▶ [Data records]:

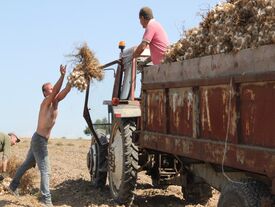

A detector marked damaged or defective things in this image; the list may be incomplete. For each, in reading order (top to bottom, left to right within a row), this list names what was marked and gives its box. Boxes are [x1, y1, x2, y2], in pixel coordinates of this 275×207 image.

rusty truck [85, 42, 275, 207]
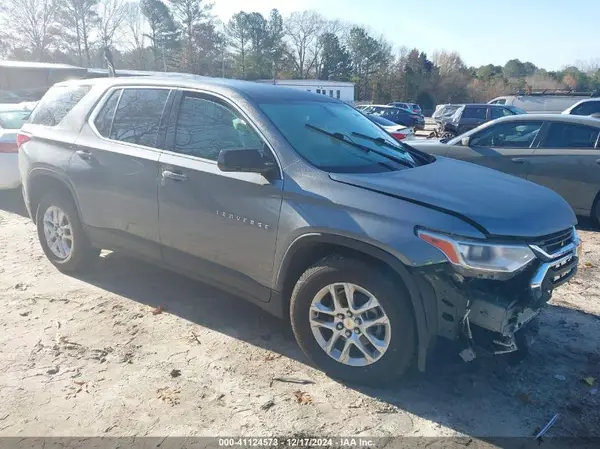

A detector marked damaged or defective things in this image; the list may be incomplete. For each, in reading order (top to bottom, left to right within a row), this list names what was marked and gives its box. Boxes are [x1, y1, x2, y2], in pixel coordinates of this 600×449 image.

cracked headlight [418, 231, 536, 276]
damaged front bumper [414, 238, 580, 356]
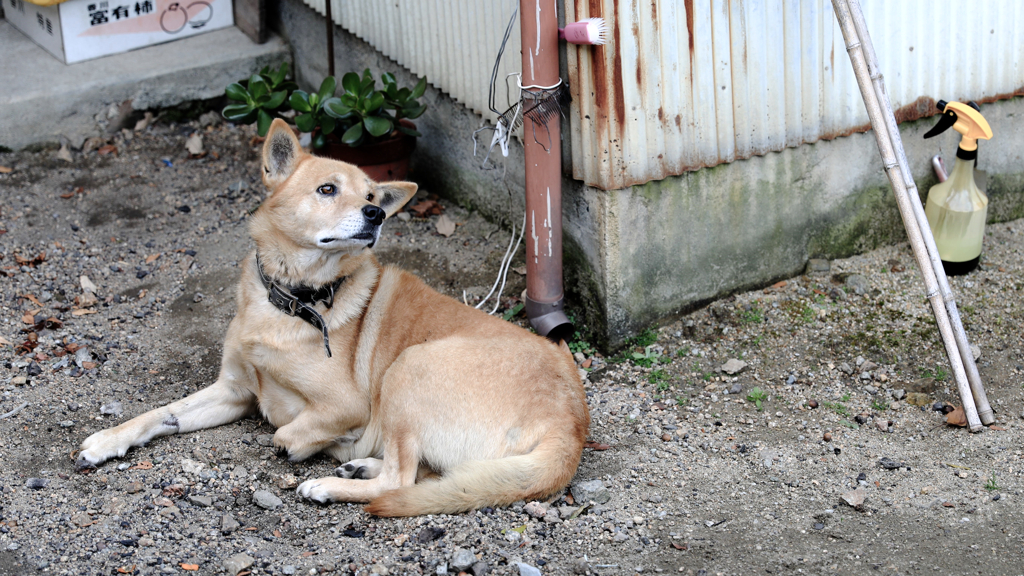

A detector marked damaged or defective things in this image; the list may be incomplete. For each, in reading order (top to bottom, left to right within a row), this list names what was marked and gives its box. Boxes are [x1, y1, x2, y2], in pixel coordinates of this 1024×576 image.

rusty drainpipe [520, 0, 576, 342]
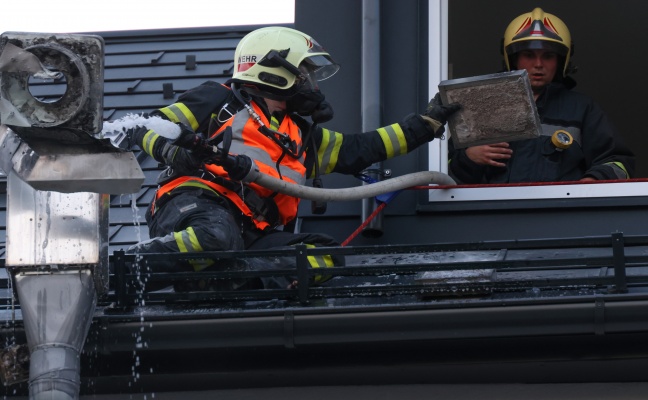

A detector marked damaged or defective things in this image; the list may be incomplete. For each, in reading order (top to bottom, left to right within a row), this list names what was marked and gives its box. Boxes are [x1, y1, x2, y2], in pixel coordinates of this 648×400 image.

burnt ventilation duct [0, 32, 143, 400]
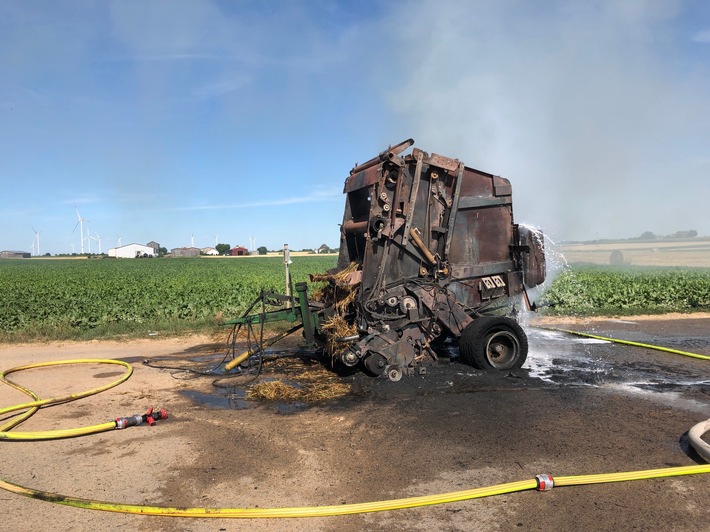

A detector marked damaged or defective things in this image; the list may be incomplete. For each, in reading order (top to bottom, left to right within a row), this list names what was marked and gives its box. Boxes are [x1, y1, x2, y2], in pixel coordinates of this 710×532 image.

burnt baler machine [225, 137, 548, 378]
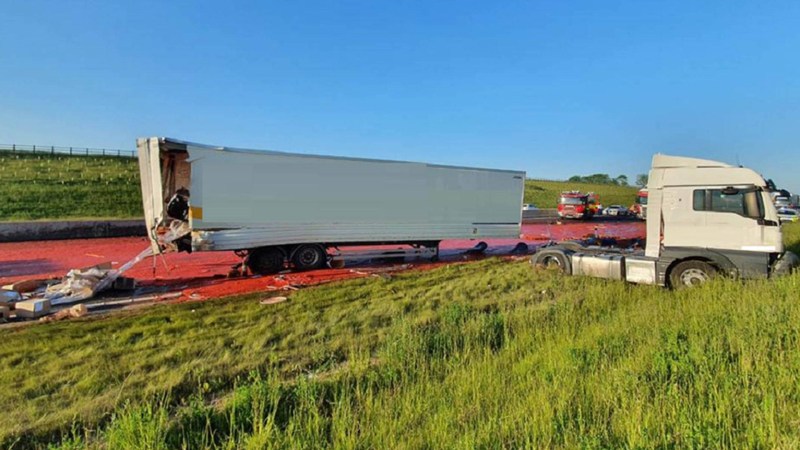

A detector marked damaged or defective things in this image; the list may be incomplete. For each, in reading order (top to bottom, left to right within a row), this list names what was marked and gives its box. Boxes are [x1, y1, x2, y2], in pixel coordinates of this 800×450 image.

damaged trailer side panel [138, 137, 524, 255]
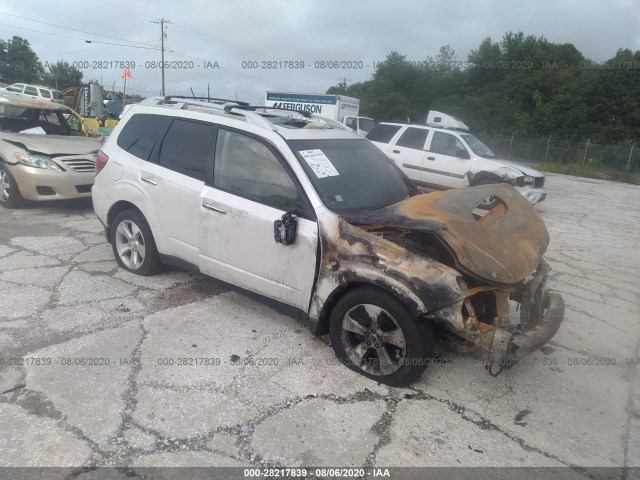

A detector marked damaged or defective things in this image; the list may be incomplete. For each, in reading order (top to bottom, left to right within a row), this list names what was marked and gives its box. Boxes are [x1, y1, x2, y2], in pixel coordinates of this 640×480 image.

damaged vehicle [0, 95, 101, 208]
cracked concrete pavement [0, 174, 636, 478]
damaged vehicle [92, 97, 564, 386]
charred hood [344, 186, 552, 284]
damaged vehicle [364, 112, 544, 206]
burned front end [344, 184, 564, 376]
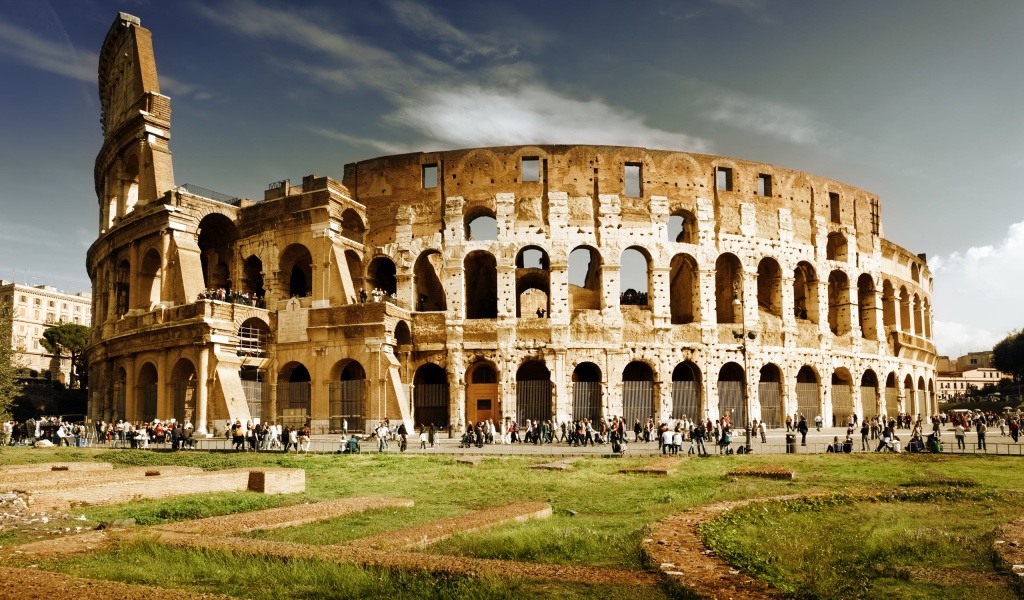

▶ [Task item]:
Only an exact copy belongs in the answer: the lines from the one containing "this 800×450 image." through the end of the records, both ends included, minus the pictures.

▶ [Written solution]:
A detector marked damaged or defective things in this image; the list may be incomplete. For each, in reading order (top to bottom, left to right within a row), this list names what was marked and gives its box. Boxes are [x1, y1, x2, y2], in pixel coordinates of this 800×450 image.

damaged trailer side panel [138, 137, 524, 255]

A detector marked damaged or defective things in this image; the list may be incomplete. For each, in reading order (top to bottom, left to right within a row), this list names what was marked and gives its box. Boxes are [x1, y1, x2, y2], in pixel coordinates of this 640×480 image.

damaged vehicle [0, 95, 101, 208]
cracked concrete pavement [0, 174, 636, 478]
damaged vehicle [92, 97, 564, 386]
charred hood [344, 186, 552, 284]
damaged vehicle [364, 112, 544, 206]
burned front end [344, 184, 564, 376]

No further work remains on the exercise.